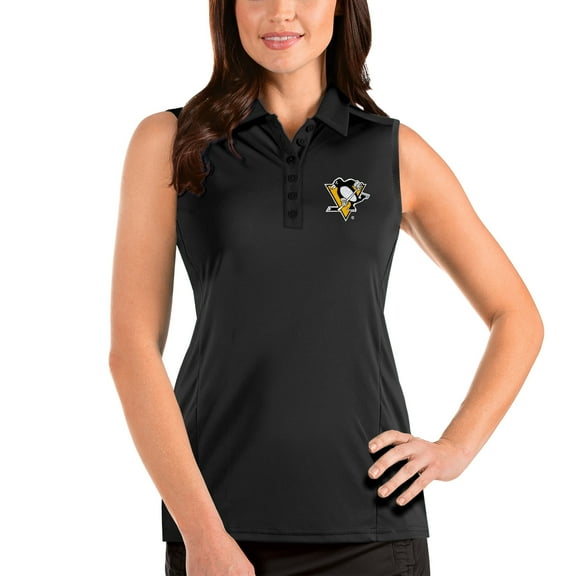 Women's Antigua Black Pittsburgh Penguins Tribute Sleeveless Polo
* * *
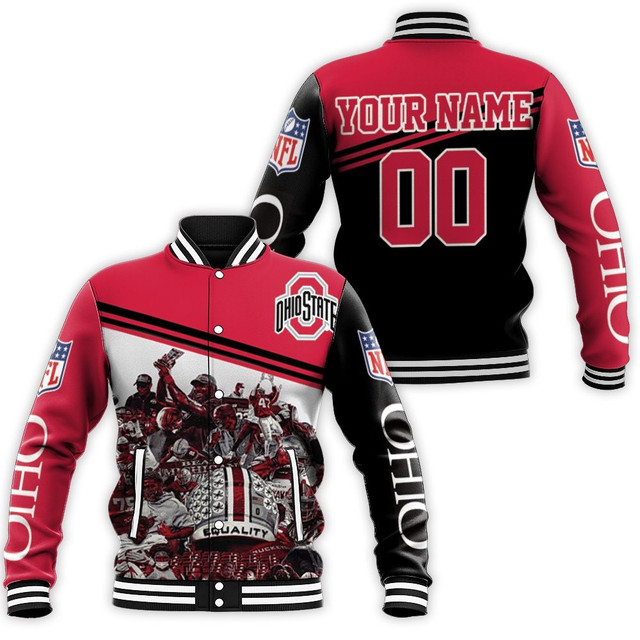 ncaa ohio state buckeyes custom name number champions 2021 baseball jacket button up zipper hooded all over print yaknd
---
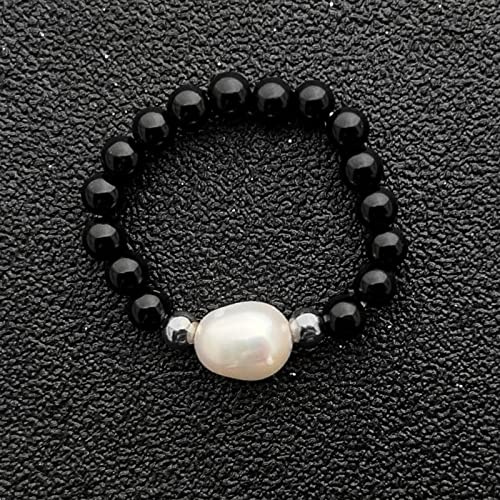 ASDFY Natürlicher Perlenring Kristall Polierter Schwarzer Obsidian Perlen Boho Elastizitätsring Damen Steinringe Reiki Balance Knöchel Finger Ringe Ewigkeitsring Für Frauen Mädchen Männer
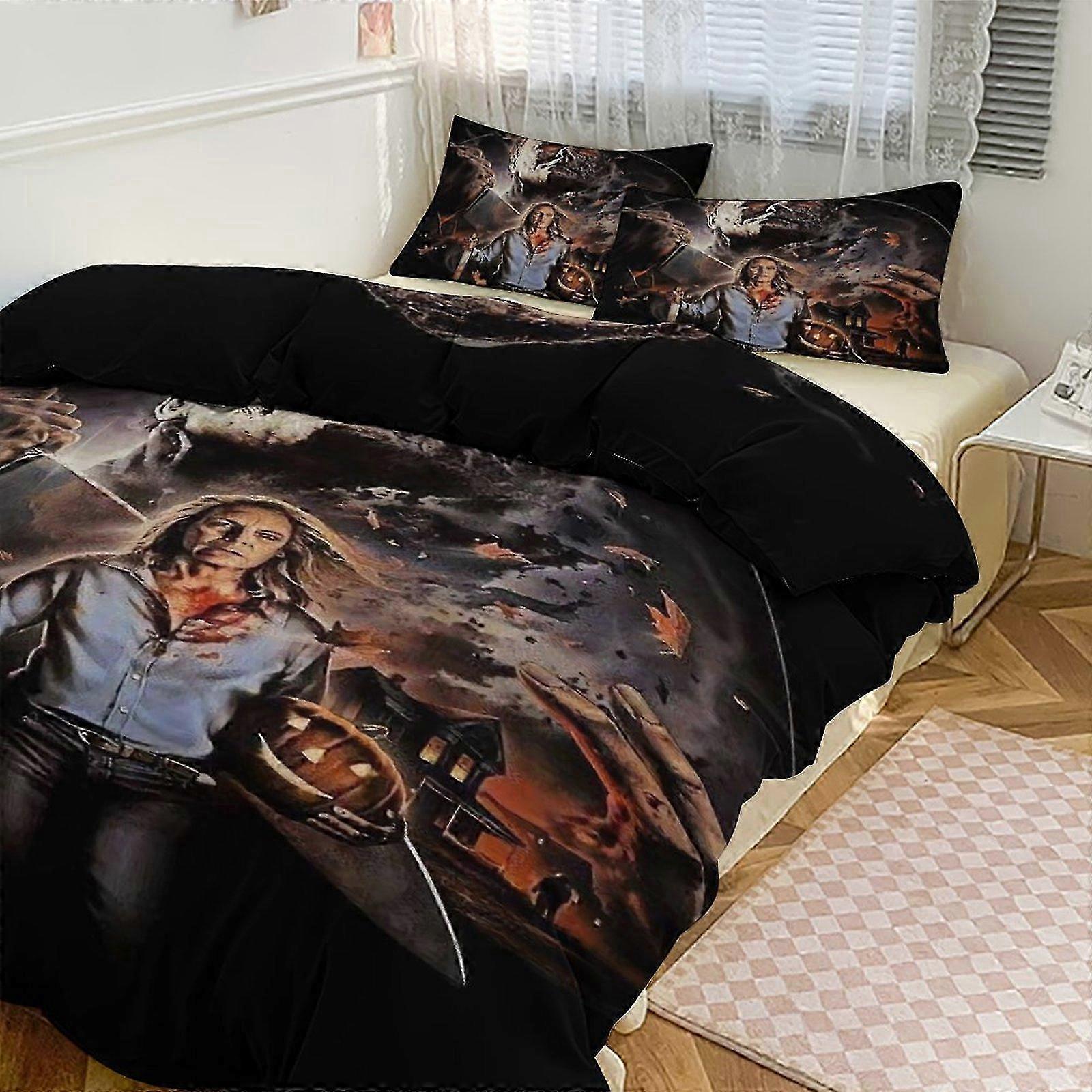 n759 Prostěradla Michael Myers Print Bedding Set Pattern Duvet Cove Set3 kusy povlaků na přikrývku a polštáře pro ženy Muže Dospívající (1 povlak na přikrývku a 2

**DIRECTIONS FOR THIS TASK**: Look above for the line with "ASDFY Natürlicher Perlenring" and the line with "n759 Prostěradla Michael". Give again exactly those two lines and all lines between them, pictures excluded.

**WRITTEN REPLY**:
 ASDFY Natürlicher Perlenring Kristall Polierter Schwarzer Obsidian Perlen Boho Elastizitätsring Damen Steinringe Reiki Balance Knöchel Finger Ringe Ewigkeitsring Für Frauen Mädchen Männer
 n759 Prostěradla Michael Myers Print Bedding Set Pattern Duvet Cove Set3 kusy povlaků na přikrývku a polštáře pro ženy Muže Dospívající (1 povlak na přikrývku a 2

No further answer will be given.